A and B have different personal realities. They each have their own world formed by their experiences, their perceptions, their ideas, etc. They will perceive, experience, and interpret things differently. The same event will always be perceived a little different by each of two people.
For the consideration to communicate to appear at all there must be some kind of shared space. The participants must have some kind of concept of each other's location and of a possible channel of communication existing between them. They must agree sufficiently on these to agree that communication is taking place.
The sender will have some kind of meaning she wishes to convey to the receiver. It might not be conscious knowledge, it might be a sub-conscious wish for communication. What is desired to be communicated would be some kind of idea, perception, feeling, or datum. It will be a part of her reality that she wishes to send to somebody else.
Something will be transmitted across a distance in the shared space. We can regard it as an object, a particle, or as a wave, or flow. It might be sound vibrations, rays of light, words, pieces of paper, cannon balls, body language, telepathy, or whatever.
Between humans there will be several layers of the message being sent. There will often be a verbal portion, something that is being expressed in language, spoken or written. And there is also a non-verbal portion, covering everything else, most notably body language. Sometimes the verbal and non-verbal messages don't agree with each other, they are incongruent. If they do agree we say that they are congruent.
Based on what the receiver perceives, and based on her interpretation of the verbal and non-verbal input, she will form a concept in her reality of what the meaning of the message is. It will mean something to her. It might or might not be what was intended by the sender. In successful communication the perceived message will approximate the intended message to the sender's satisfaction. However, the sender will only know that if she receives a message back that is congruent with what she had in mind.
One can never take for granted that the receiver has the same reality as the sender. One can never take for granted that the receiver will interpret the message the same way as the sender intended it.
Communication is not an absolute finite thing. Particularly, communication with language is always vague and misleading to some extent.

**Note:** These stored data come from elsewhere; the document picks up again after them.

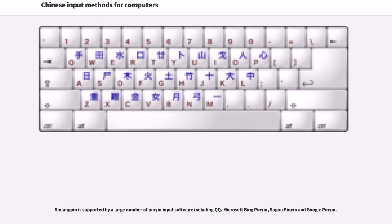Shuangpin is supported by a large number of pinyin input software including QQ, Microsoft Bing Pinyin, Sogou Pinyin, and Google Pinyin.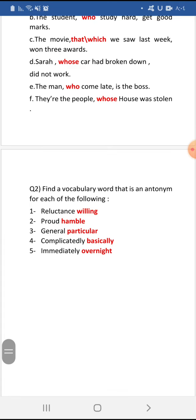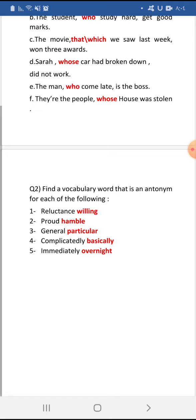Question number two: find a vocabulary word that is an antonym for each of the following. 'Reluctance' — antonym: willing. 'Humble' — meaning modest in Arabic, its antonym is arrogant or not humble. 'General' — antonym: particular, meaning specific.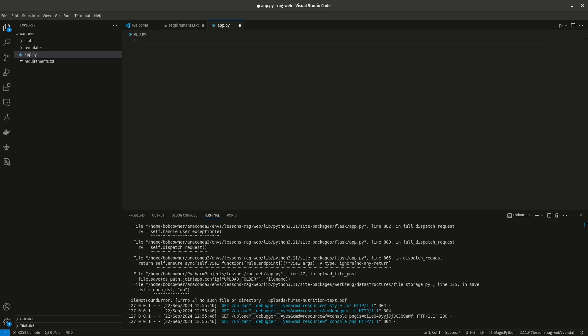All right, welcome to part two of building a web application with RAG and ChatGPT. In this video, we're going to start setting up the framework for the web application, set up the methods, make sure we can do our file uploads, and then we'll add to-dos for the various portions where we would actually need to call the model.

If A says a word, like for example "trust", she has a certain meaning attached to it in her reality. She has had certain experiences with the subject matter, she has made certain conclusions about it, and she has certain perceptual filters concerning it. The meaning of the word is all the stuff it is associated with in her reality. However, because words also have nice, finite dictionary definitions it might appear as if the word is something very precise.
What travels across the communication channel is NOT all the associations that A made about the word, and NOT the intentions she had with using it. What crosses the distance is symbols.
When B hears the word or sentence she will interpret it based on her experiences, perceptions, and opinions. She might supplement the verbal information with non-verbal information such as body language. She might also hallucinate what it is supposed to mean. In one way or another she arrives at the meaning she assigns to it.
There is wide agreement, at least within a particular culture, on what common physical objects are. When you say "car" or "refrigerator" most people will have an understanding very close to yours. But if you say words for abstract qualities, like "trust", "love", "right", "wrong", and so forth, then there is wide variance on what people mean.
To have effective communication one needs to take all the factors into consideration. The different realities, the space the communication takes place in, verbal as well as non-verbal messages, the intended meaning versus the perceived meaning.